I'm using the command line e-utilities tools to get nucleotide sequences from Biosample IDs. RIght now I'm working it out for just one ID, and then I will address all 50+ IDs I need to fetch. I would like to limit the efetch to only capture the complete genome.
Initial code showing the results that I want to filter:
esearch -db biosample -query "SAMN04014953" | elink -target nuccore | efilter -source refseq | efetch -format fasta | grep '>'
Output:
>NZ_CP021549.1 Klebsiella pneumoniae strain AR_0112, complete genome
>NZ_CP021548.1 Klebsiella pneumoniae strain AR_0112 plasmid tig00000005, complete sequence
>NZ_CP021547.1 Klebsiella pneumoniae strain AR_0112 plasmid tig00000003, complete sequence
>NZ_CP021546.1 Klebsiella pneumoniae strain AR_0112 plasmid tig00000002, complete sequence
>NZ_CP021545.1 Klebsiella pneumoniae strain AR_0112 plasmid tig00000001, complete sequence
>NZ_CP021544.1 Klebsiella pneumoniae strain AR_0112 plasmid tig00000000, complete sequence
I want only the first result. (To save time, I'd rather set up that filter in the efetch command rather than filtering after fetching all the results.)

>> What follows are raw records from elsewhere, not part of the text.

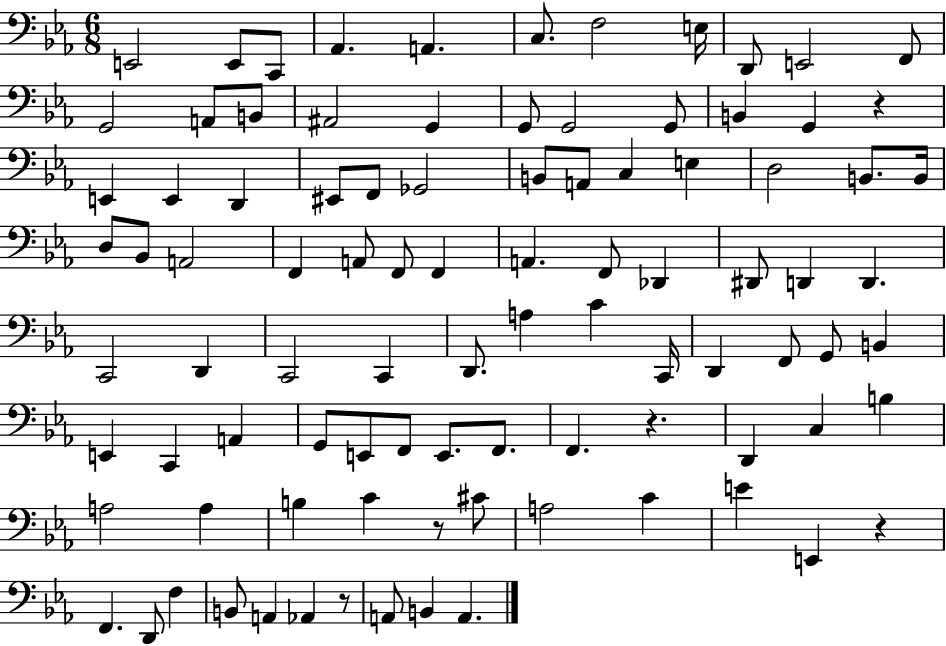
{
  \clef bass
  \numericTimeSignature
  \time 6/8
  \key ees \major
  e,2 e,8 c,8 | aes,4. a,4. | c8. f2 e16 | d,8 e,2 f,8 | \break g,2 a,8 b,8 | ais,2 g,4 | g,8 g,2 g,8 | b,4 g,4 r4 | \break e,4 e,4 d,4 | eis,8 f,8 ges,2 | b,8 a,8 c4 e4 | d2 b,8. b,16 | \break d8 bes,8 a,2 | f,4 a,8 f,8 f,4 | a,4. f,8 des,4 | dis,8 d,4 d,4. | \break c,2 d,4 | c,2 c,4 | d,8. a4 c'4 c,16 | d,4 f,8 g,8 b,4 | \break e,4 c,4 a,4 | g,8 e,8 f,8 e,8. f,8. | f,4. r4. | d,4 c4 b4 | \break a2 a4 | b4 c'4 r8 cis'8 | a2 c'4 | e'4 e,4 r4 | \break f,4. d,8 f4 | b,8 a,4 aes,4 r8 | a,8 b,4 a,4. | \bar "|."
}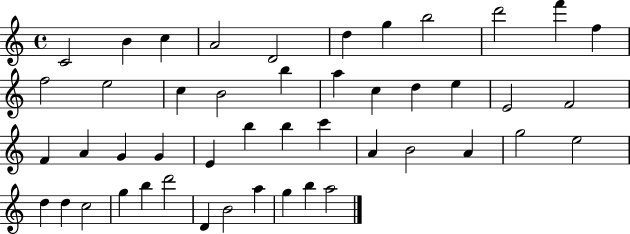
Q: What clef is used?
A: treble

How I've tried to alter the efetch command in the above query:
efilter -source refseq -field "complete genome"
This produces no output.
efilter -source refseq -query "genome"
This produces the same output as removing the -query "genome" from the efilter command.
Any suggestions? I've looked through the Entrez Direct guide and did a Google search, but I still can't come up with a solution.
I would suggest that you use Kai Blins' NCBI genome download tool.
You can also parse a file NCBI makes available: how to download all the complete genomes for mycobacteria from NCBI?
Thanks. I read through the documentation and it doesn't like this includes any of the features I need. Namely, I need to link 50+ Biosample IDs to their Nucleotide IDs, and then fetch the associated RefSeq complete genomes. I'm starting with a list of Biosample IDs that I care about, not all are K. pneumoniae (that was just an example for illustration). Have I misunderstood the tools' functions?
In case you knew the organisms you were interested in this would be a simpler solution. Noted to make you aware of its presence.